* TASK ITEM
Find, in the records below, the line that contains "Kos Bifidum 10 Miliardi 24 Capsule" and the line that contains "Golf Performance Supplement". Copy those two lines and everything between them exactly, but not the pictures.

* INFORMATION PROVIDED
>>>
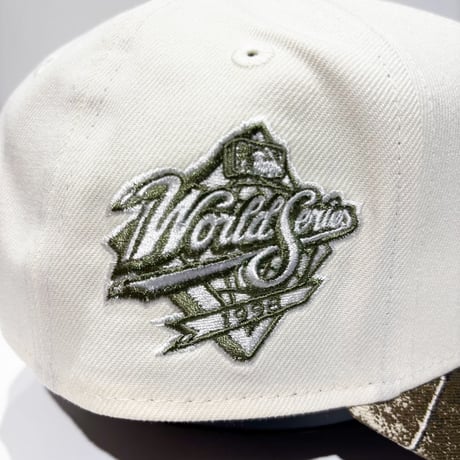 USA買付　NEW ERA 9FORTY A-FRAME NEW YORK YANKEES REALTREE CAMO / CREAM　 NE-127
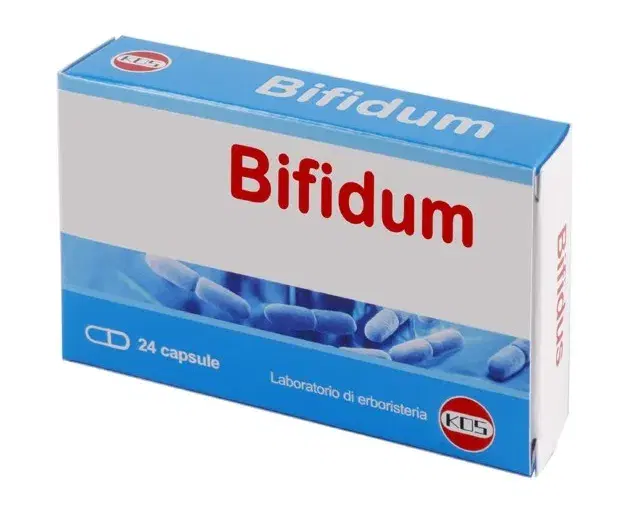 Kos Bifidum 10 Miliardi 24 Capsule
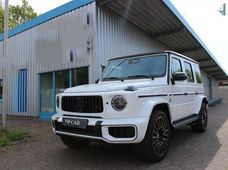 Продажа б/у Mercedes-Benz G-Класс 2025 года в Киеве - купить на Автобазаре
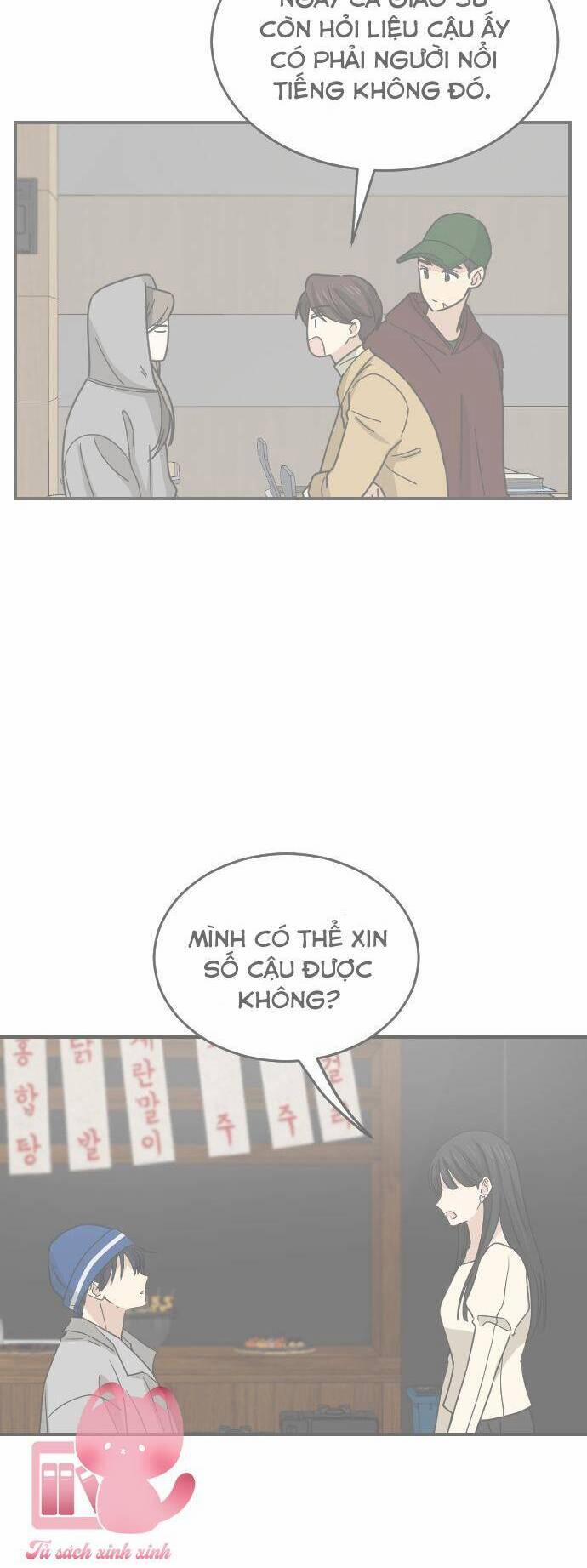 Những Người Bạn Của Em Trai Tôi 74 trang 15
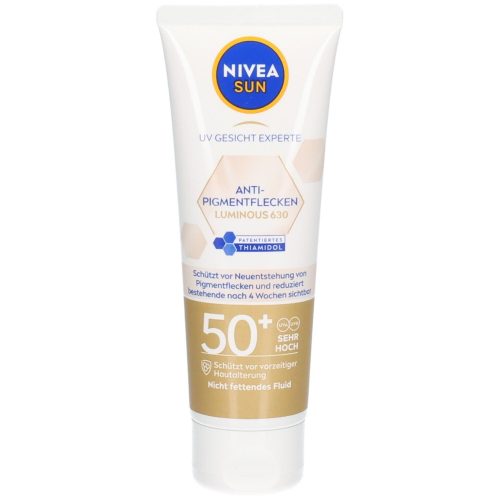 Nivea, Nivea Nivea Sun Nivea Nivea Sun UV Gesicht Luminous630® Anti Pigmentflecken Sonnenschutz sonnencreme 40.0 ml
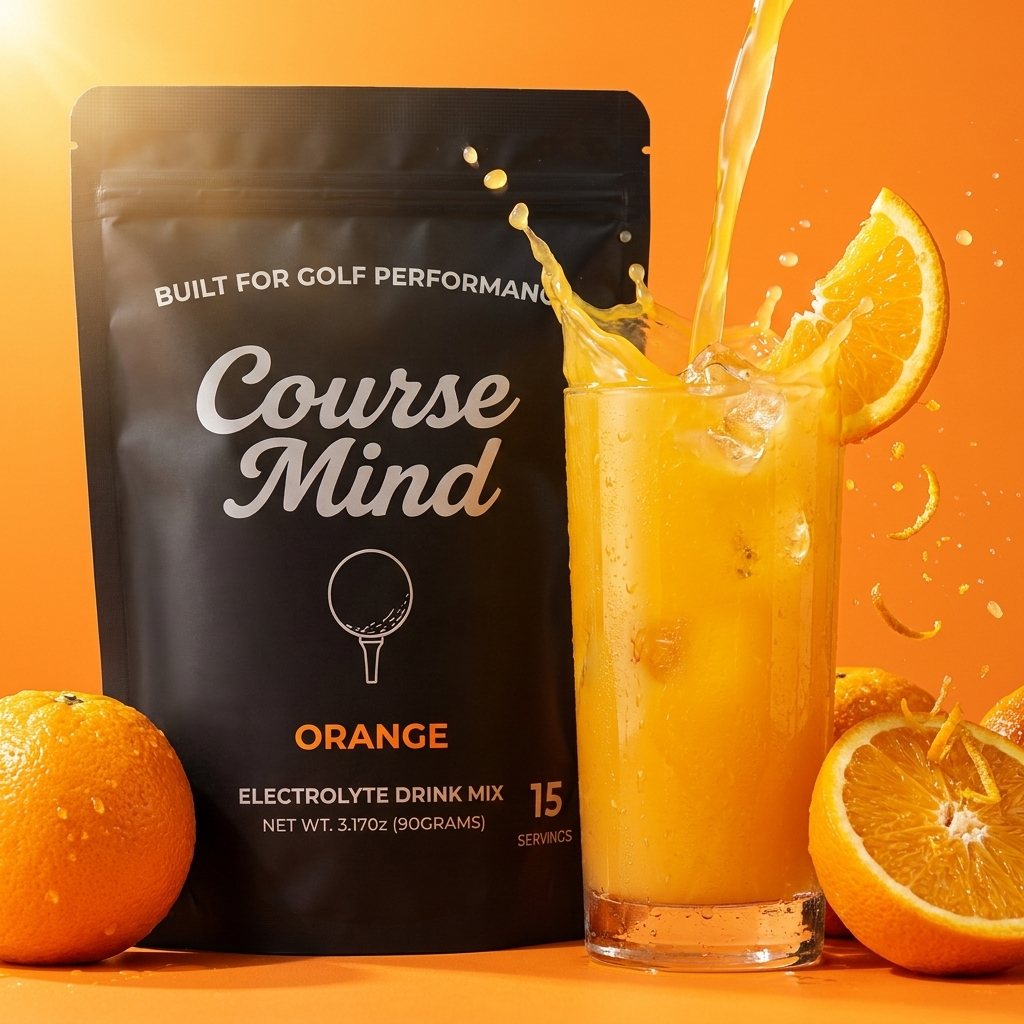 Golf Performance Supplement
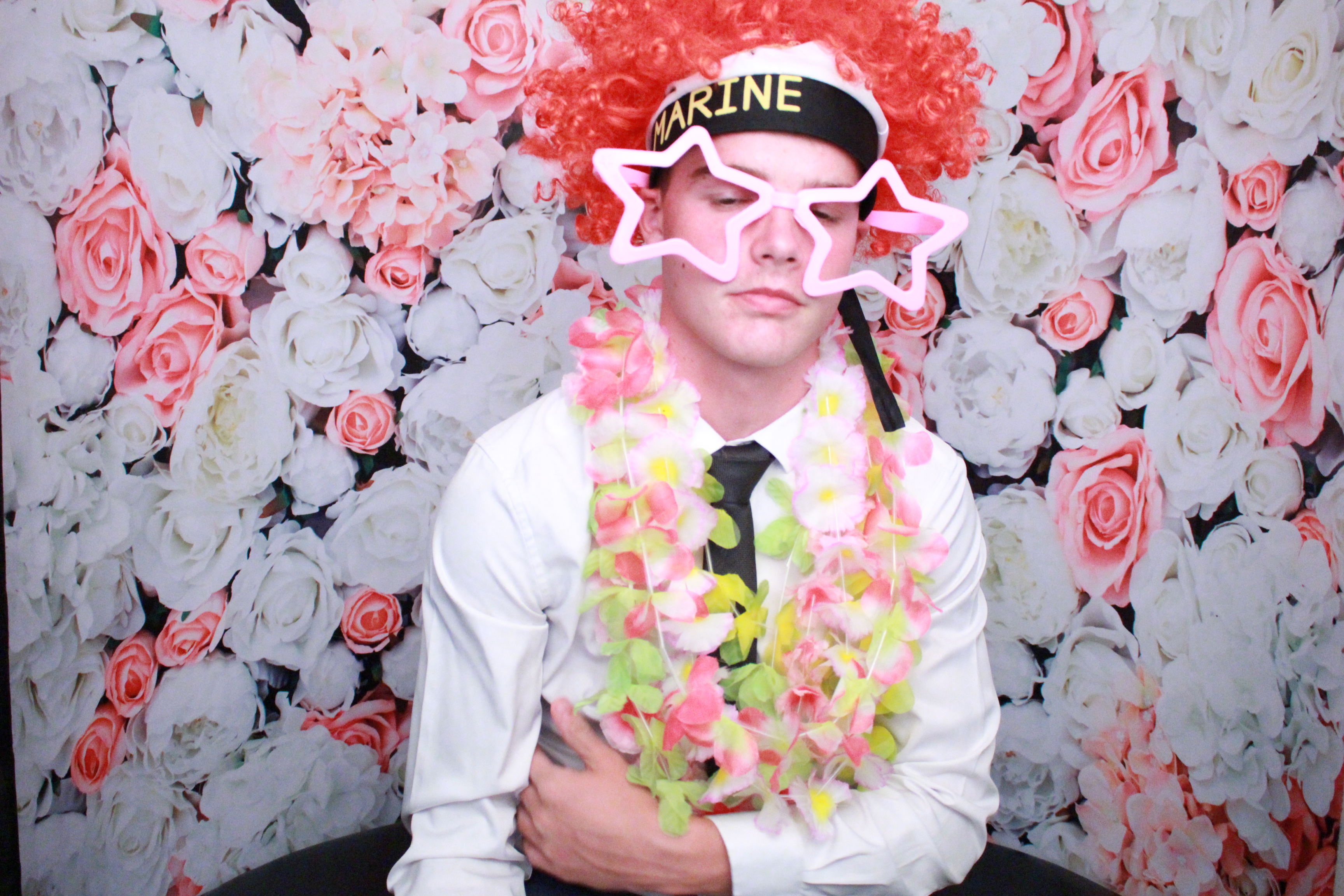 Caz & Geoff's Wedding  | View more photos from the event at gallery.myphotoboothexperience.co.uk/u/MyPhotoBoothExperienceLtd/Caz-Geoffs-Wedding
<<<
* THE ANSWER
 Kos Bifidum 10 Miliardi 24 Capsule
 Продажа б/у Mercedes-Benz G-Класс 2025 года в Киеве - купить на Автобазаре
 Những Người Bạn Của Em Trai Tôi 74 trang 15
 Nivea, Nivea Nivea Sun Nivea Nivea Sun UV Gesicht Luminous630® Anti Pigmentflecken Sonnenschutz sonnencreme 40.0 ml
 Golf Performance Supplement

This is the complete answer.